La escuela venezolana se ilumina
musicalmente el último domingo de mayo con la celebración del Día del Árbol.
Este día se canta. Sobre las baldosas de las escuelas cantan los niños y los
maestros el Himno al Árbol. Ya son
fastos remotos. En este tiempo lo siguen
cantando, por lo que, afortunadamente, se conserva la tradición “Al árbol debemos solícito amor, / jamás olvidemos que es obra
de Dios. / El árbol da sombra/ como el cielo fe, / con flores alfombra/ su
sólido pie.”
El talento de los maestros se manifiesta en esta fecha escolar tan hermosa, y la alegría de los niños. Los
maestros inculcan en los niños, en este día, un gran amor por el árbol.
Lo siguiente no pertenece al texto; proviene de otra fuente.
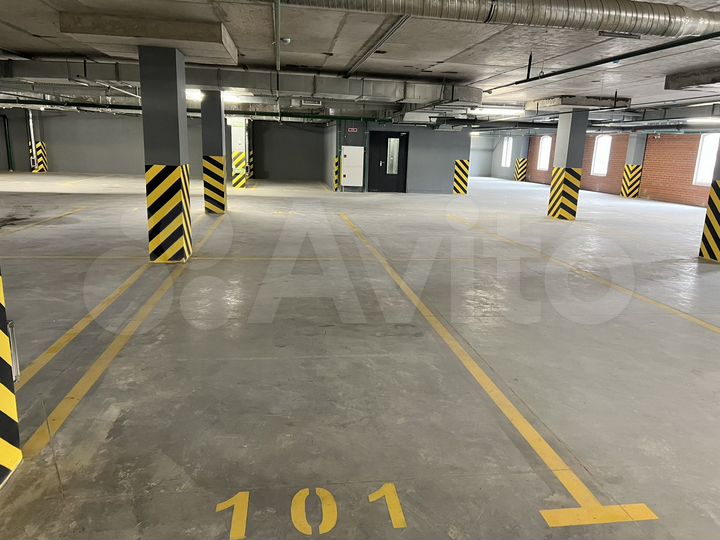 Машиноместо, 13 м²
Muchos de ellos los llevan directamente
hasta la naturaleza cercana. Les hablan del árbol con mucha reverencia y
respeto. Estremecen sus corazones delante de las especies. Les infunden respeto
por ese símbolo vegetal. Y los niños, alrededor de los árboles, comienzan a
jugar y a retozar alegremente. “Sus ramas frondosas/ aquí extenderá/ y flores
y frutos/ a todos dará”,
Fuimos escolares de aquellos tiempos, y llegamos a cantar este himno muchas veces. Nos llevaron los maestros a los campos cercanos, a la naturaleza en vivo. Y de aquellos árboles comimos sus frutos: los mangos, los mamones, las guayabas, los nísperos, los anones, los caimitos… El paseo escolar por esa ruralía cercana se hizo inolvidable. Uno quería comprender el sentido de la estrofa cuando encontraba aquellos árboles frutales en las gargantas de los caminos. Eran héroes y santos para nosotros. Solíamos coronarlos al verlos repletos de tan sabrosos frutos. “Él es tan fecundo/ rico sin igual, /que sin él el mundo/sería un erial.”
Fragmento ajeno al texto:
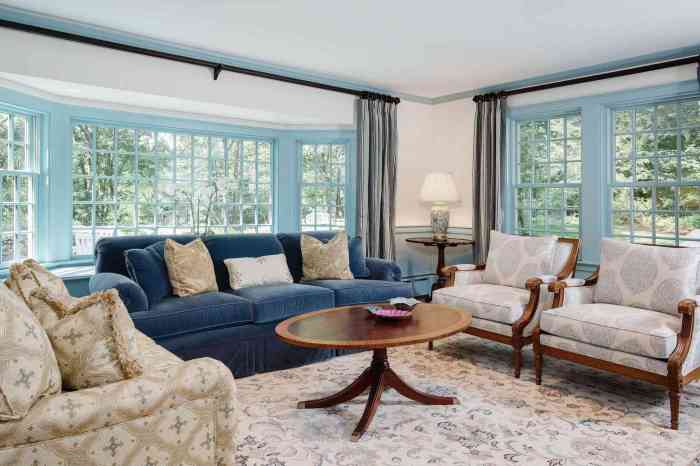 How to decorate big windows in living room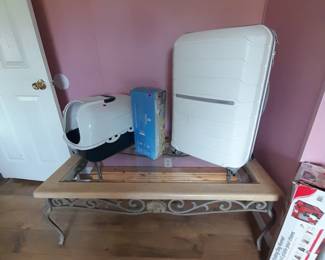 Coffee table, Suitcase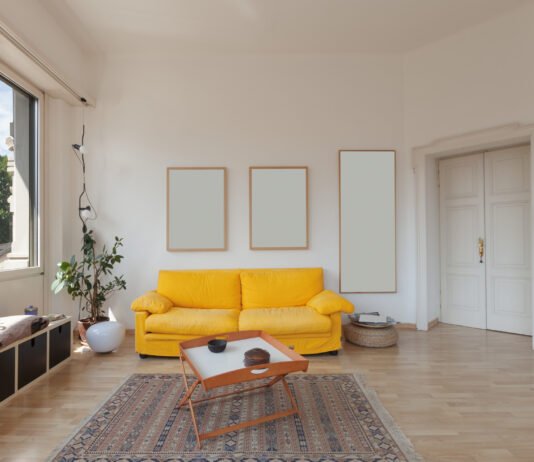 Аренда квартир в Киеве: обстрелы и отключения привели к падению спроса и «ценовому хаосу»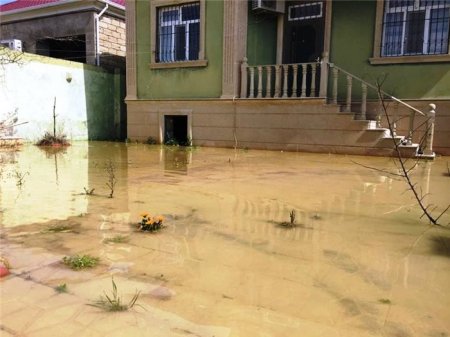 Yeni Ramananın əhalisi suyun içərisində qalıb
La riqueza de los árboles la veíamos
en sus ramas, en sus hojas, en sus frutos. Árboles de verdes distintos, de
hojas distintas, de troncos distintos.
Árboles que no dejaban que se afectara la tierra y por eso no había tanta
erosión, ni grandes grietas en los cerros, ni extensiones peladas como ahora.
No era un erial el mundo, aunque hoy está a punto de serlo. “No tendría
palacios/ el hombre, ni hogar, / ni aves los espacios, / ni velas el mar.”
Tal vez en aquel lejano tiempo escolar,
no llegamos a comprender cabalmente el sentido de algunas de estas estrofas.
Feliz el poeta que si las comprendió al escribirlas. Pero, el tiempo nos fue
enseñando que del árbol emergen tantas cosas. Que, inclusive, es un rico
bastión del idioma por tantas palabras que genera su existencia útil. “Ni
santuario digno/ para la oración, / Ni el augusto signo de la redención.”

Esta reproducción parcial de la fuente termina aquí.